== ASSIGNMENT ==
Pictures are not part of the copy; repeat everything else in the records exactly.

Start of ENTRIES SHOWN

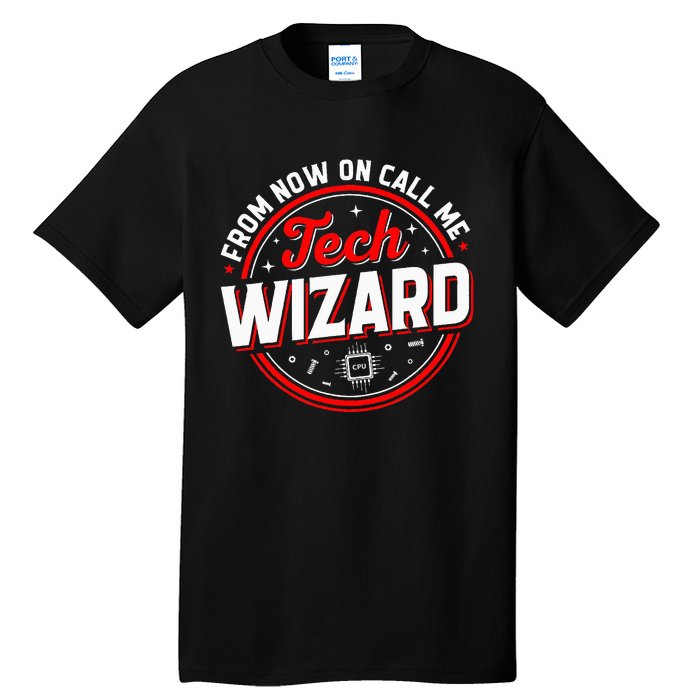 Tech Wizard Funny Computer Repair & IT Support Programmers Tall T-Shirt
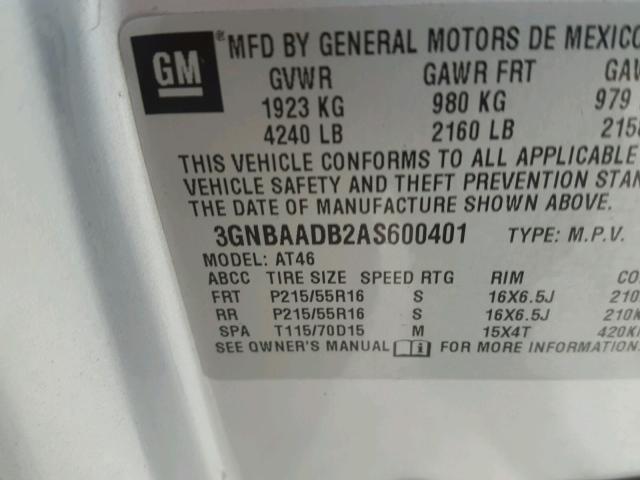3GNBAADB2AS600401 - 2010 CHEVROLET HHR LS SILVER photo 10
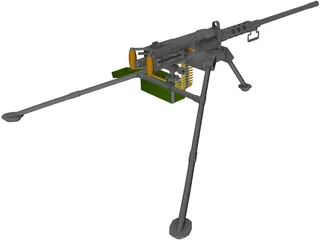 M2A2 HB .50 Cal Machine Gun 3D Model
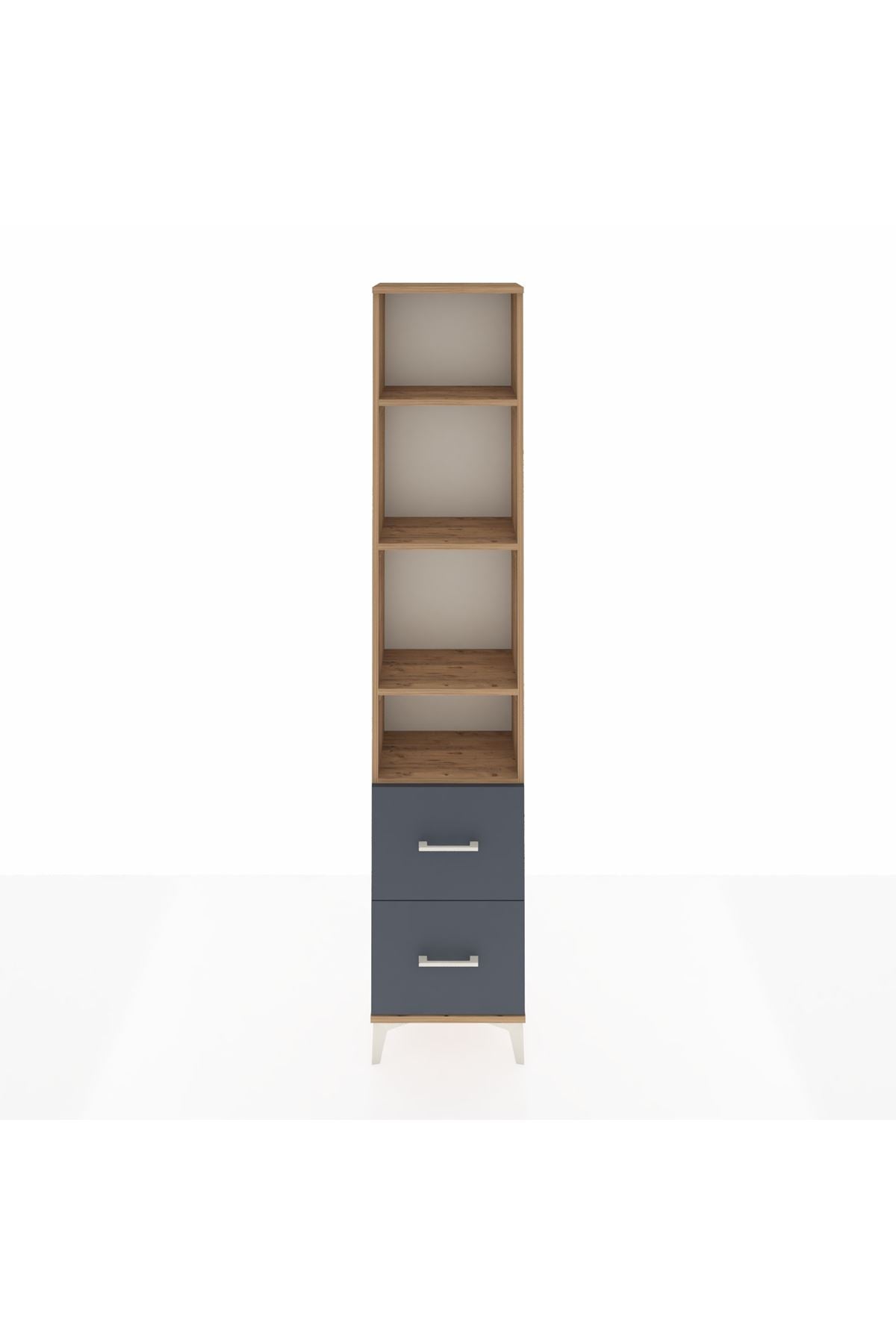 Arges Dolap 4 Raflı 2 Çekmeceli 44x30x221 Çam-Antrasit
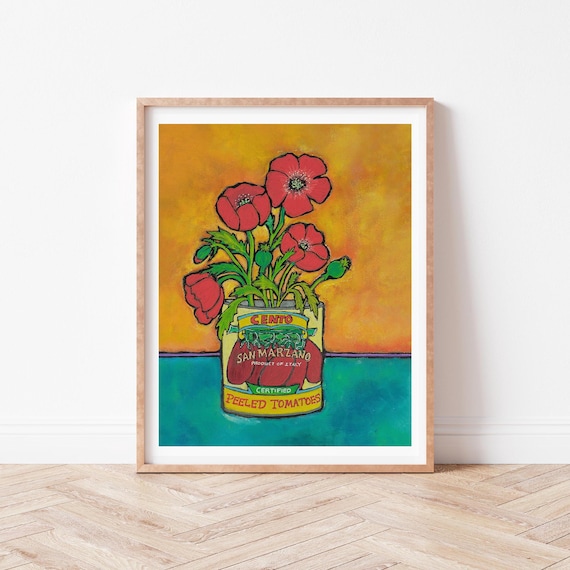 Poppies Art, Italy Print, Italian Kitchen Wall Decor, Gift for Italian, Cento Food Poster, San Marzano Tomatoes, Italian decor, foodie art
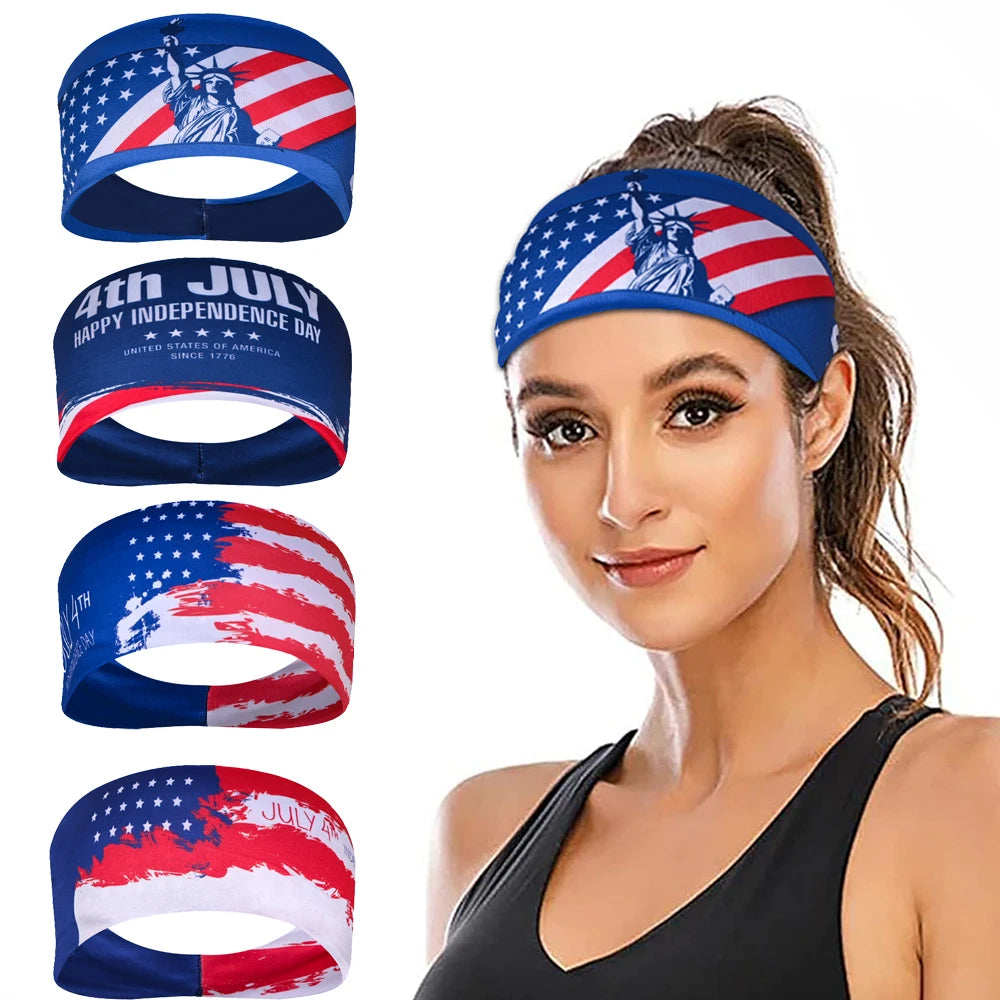 American Flag Headband Men Women Sports Workout No Slip Elastic Patriotic Hair Bands Wicking Sweatbands For Exercise Running Gym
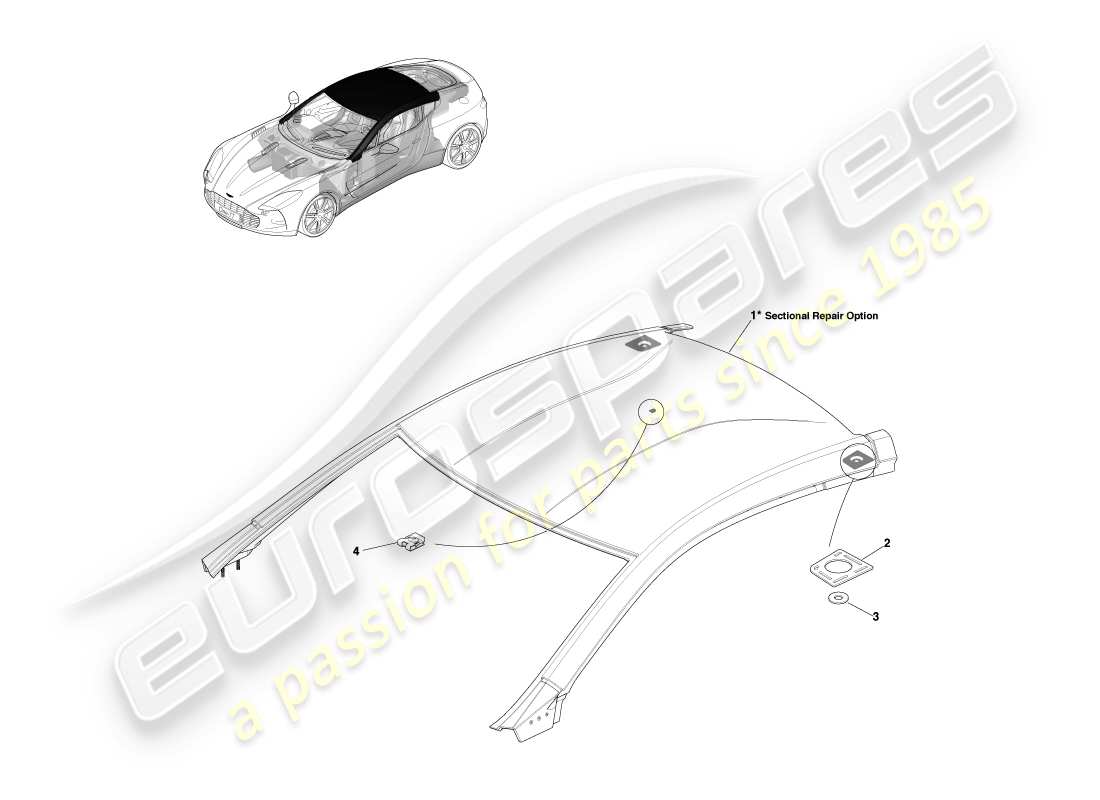 aston martin one-77 (2011) assemblage du toit schéma des pièces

End of ENTRIES SHOWN

== EXPECTED ANSWER ==
 Tech Wizard Funny Computer Repair & IT Support Programmers Tall T-Shirt
3GNBAADB2AS600401 - 2010 CHEVROLET HHR LS SILVER photo 10
 M2A2 HB .50 Cal Machine Gun 3D Model
 Arges Dolap 4 Raflı 2 Çekmeceli 44x30x221 Çam-Antrasit
 Poppies Art, Italy Print, Italian Kitchen Wall Decor, Gift for Italian, Cento Food Poster, San Marzano Tomatoes, Italian decor, foodie art
 American Flag Headband Men Women Sports Workout No Slip Elastic Patriotic Hair Bands Wicking Sweatbands For Exercise Running Gym
 aston martin one-77 (2011) assemblage du toit schéma des pièces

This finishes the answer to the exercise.